__Exercise objective__
Exact copies of all the lines below are required, with the pictures omitted.

__Data provided__
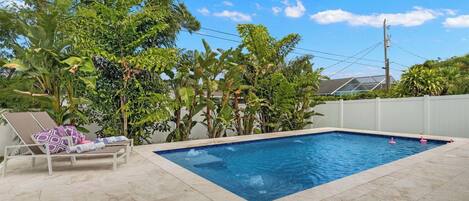 Outdoor pool, a heated pool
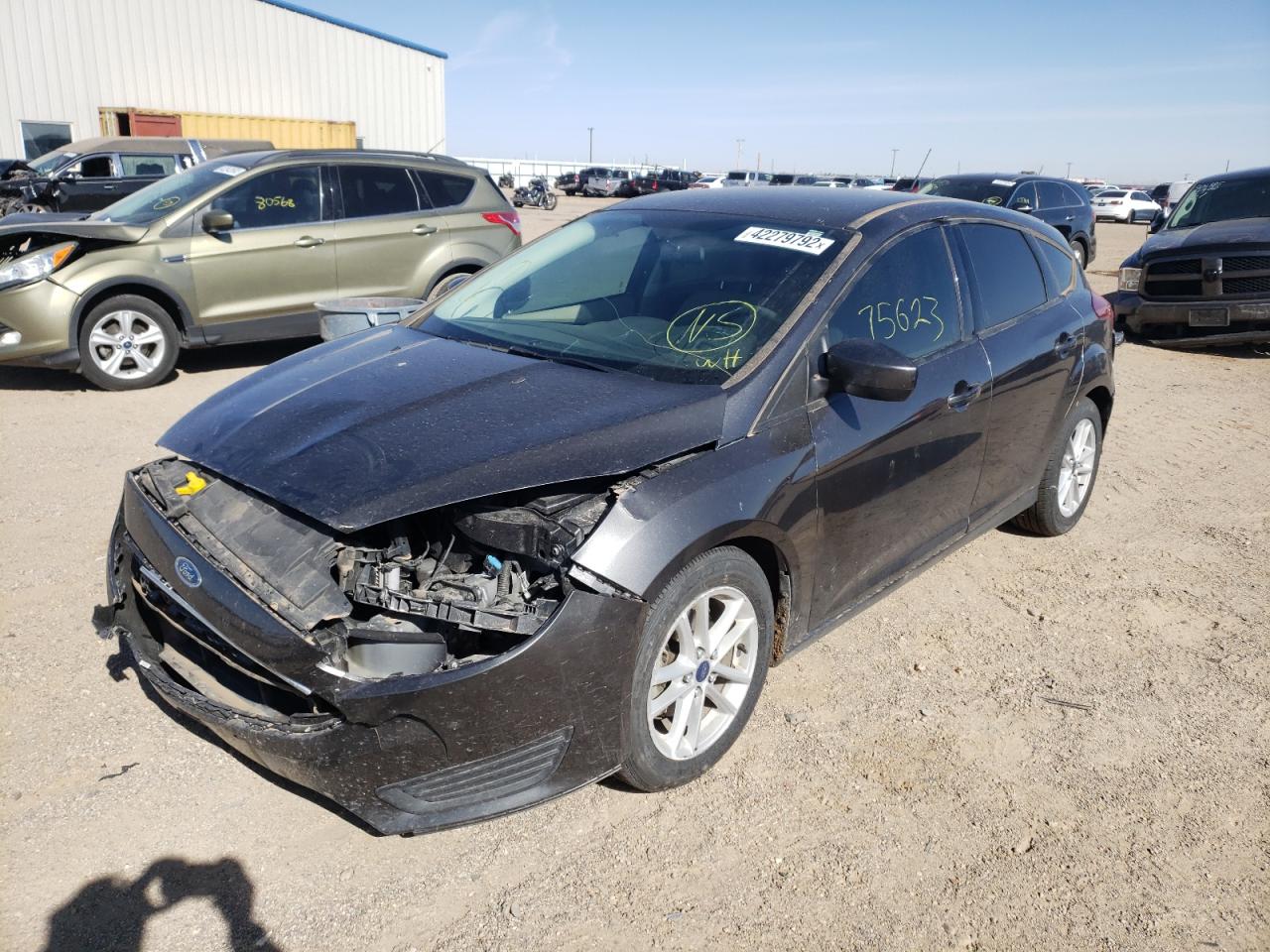 Photo 2 from auction – 2018 FORD FOCUS SE with VIN 1FADP3K25JL242298
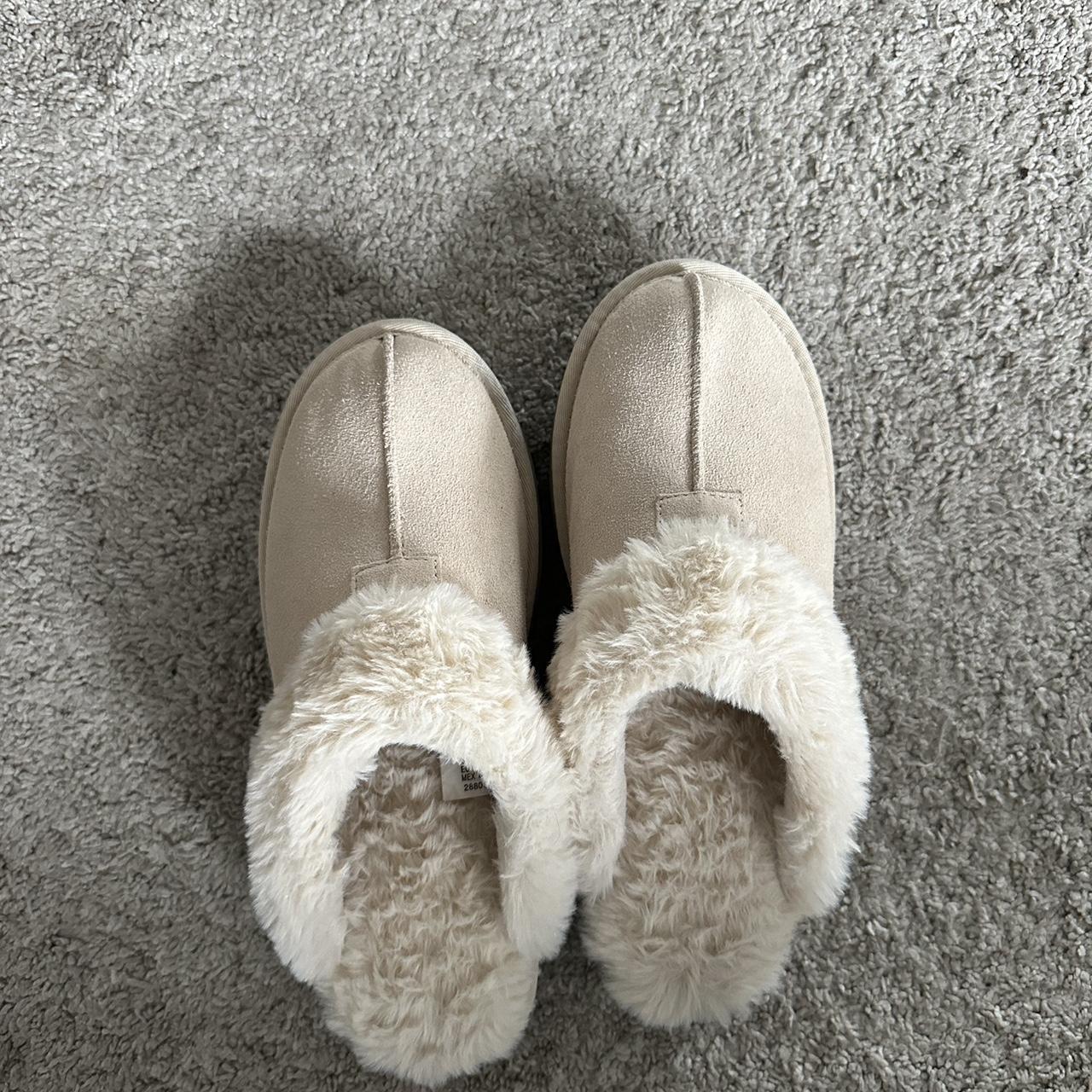 platform slippers look like ugg - Depop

__Exercise response__
 Outdoor pool, a heated pool
 Photo 2 from auction – 2018 FORD FOCUS SE with VIN 1FADP3K25JL242298
 platform slippers look like ugg - Depop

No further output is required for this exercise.